Records from a collection
════════

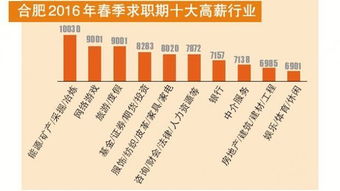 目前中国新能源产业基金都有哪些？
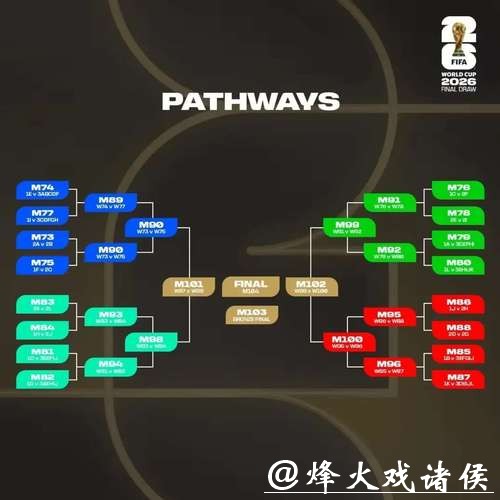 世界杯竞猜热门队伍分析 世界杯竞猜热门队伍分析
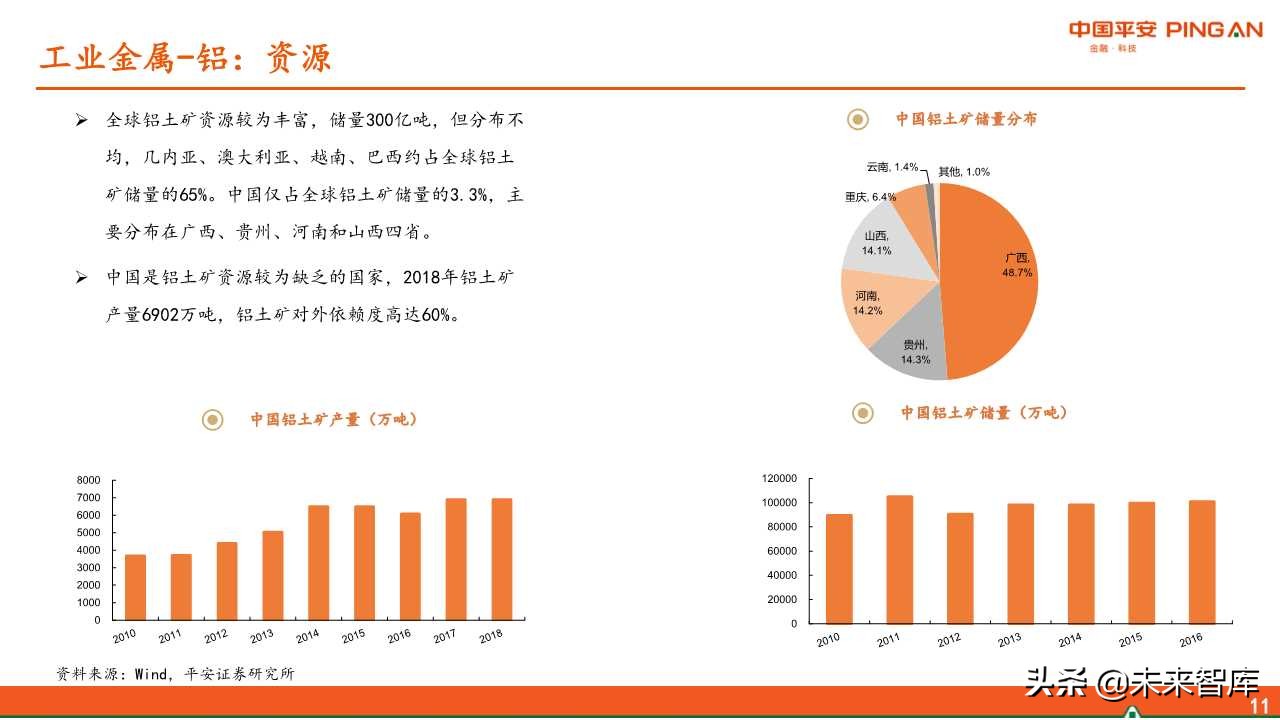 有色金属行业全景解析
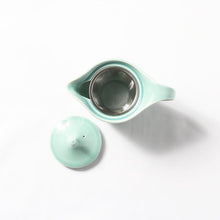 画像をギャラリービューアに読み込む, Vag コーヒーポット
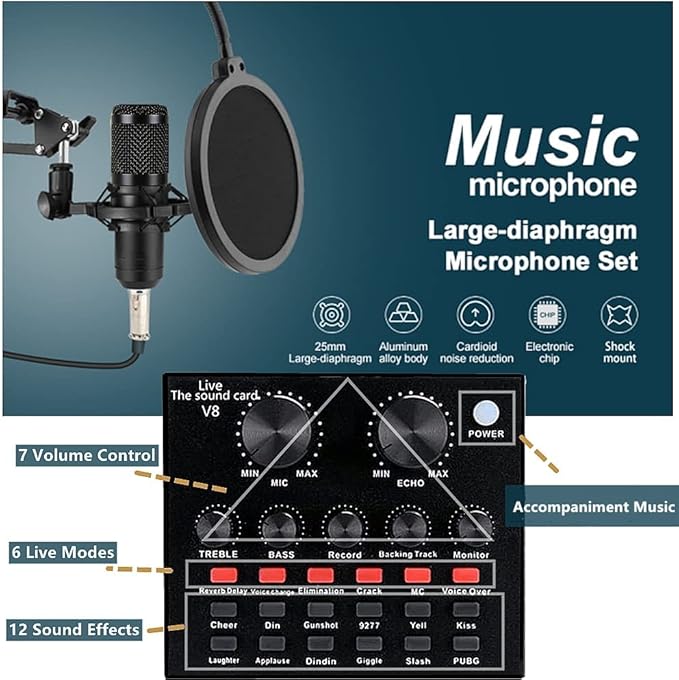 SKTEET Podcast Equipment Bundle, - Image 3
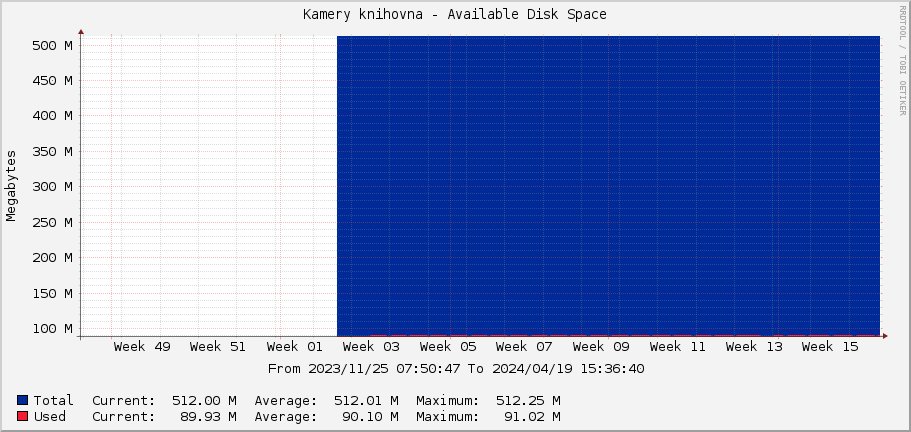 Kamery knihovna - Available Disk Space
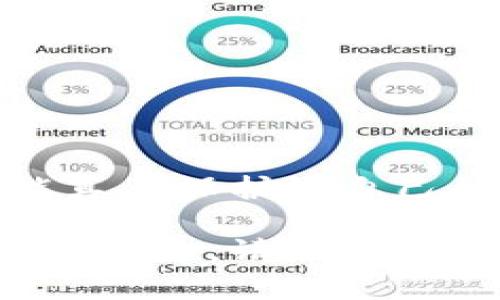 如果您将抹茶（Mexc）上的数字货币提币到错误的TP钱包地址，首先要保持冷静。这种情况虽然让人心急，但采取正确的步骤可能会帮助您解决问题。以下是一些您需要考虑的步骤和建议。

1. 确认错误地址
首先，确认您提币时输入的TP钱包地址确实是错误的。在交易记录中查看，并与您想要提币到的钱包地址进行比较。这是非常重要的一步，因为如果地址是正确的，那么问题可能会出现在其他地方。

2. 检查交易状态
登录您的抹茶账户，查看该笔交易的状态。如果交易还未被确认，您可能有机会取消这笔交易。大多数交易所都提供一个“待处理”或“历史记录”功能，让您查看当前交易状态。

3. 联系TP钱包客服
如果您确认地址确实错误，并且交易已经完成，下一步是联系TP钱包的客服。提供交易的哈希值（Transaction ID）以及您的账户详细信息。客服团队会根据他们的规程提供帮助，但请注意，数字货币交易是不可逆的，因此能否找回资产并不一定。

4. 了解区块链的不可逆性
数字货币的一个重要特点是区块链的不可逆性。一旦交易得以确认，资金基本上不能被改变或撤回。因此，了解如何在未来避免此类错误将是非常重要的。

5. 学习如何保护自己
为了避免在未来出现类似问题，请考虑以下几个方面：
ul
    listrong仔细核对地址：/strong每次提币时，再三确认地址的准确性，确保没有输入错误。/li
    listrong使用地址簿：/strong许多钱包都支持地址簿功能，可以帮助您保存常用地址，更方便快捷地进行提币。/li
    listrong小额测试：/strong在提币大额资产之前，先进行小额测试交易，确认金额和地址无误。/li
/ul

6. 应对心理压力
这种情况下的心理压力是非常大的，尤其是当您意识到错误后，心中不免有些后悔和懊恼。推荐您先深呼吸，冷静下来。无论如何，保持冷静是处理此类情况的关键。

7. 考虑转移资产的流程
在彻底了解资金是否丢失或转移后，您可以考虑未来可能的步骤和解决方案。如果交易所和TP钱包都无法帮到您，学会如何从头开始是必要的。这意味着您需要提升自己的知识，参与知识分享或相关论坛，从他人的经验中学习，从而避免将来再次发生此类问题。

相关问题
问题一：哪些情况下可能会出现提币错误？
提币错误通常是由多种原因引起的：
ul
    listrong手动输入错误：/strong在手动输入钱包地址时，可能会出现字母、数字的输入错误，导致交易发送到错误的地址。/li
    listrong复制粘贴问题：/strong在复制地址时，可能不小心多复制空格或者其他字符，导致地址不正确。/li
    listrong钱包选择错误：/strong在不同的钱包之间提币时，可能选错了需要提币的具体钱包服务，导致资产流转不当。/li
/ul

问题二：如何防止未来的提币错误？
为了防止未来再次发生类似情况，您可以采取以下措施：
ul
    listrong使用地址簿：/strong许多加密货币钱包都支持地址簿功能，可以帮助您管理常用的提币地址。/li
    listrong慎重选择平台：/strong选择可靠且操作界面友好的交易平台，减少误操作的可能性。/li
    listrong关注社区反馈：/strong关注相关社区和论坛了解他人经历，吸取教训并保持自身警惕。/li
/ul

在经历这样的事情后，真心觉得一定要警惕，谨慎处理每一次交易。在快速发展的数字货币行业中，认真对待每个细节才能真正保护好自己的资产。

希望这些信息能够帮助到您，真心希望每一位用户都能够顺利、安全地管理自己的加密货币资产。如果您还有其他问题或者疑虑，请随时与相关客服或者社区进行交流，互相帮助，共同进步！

════════

(Problem statement): Where a line of the records has the string "listrong使用地址簿", copy that line.

(Solution):
    listrong使用地址簿：/strong许多钱包都支持地址簿功能，可以帮助您保存常用地址，更方便快捷地进行提币。/li
    listrong使用地址簿：/strong许多加密货币钱包都支持地址簿功能，可以帮助您管理常用的提币地址。/li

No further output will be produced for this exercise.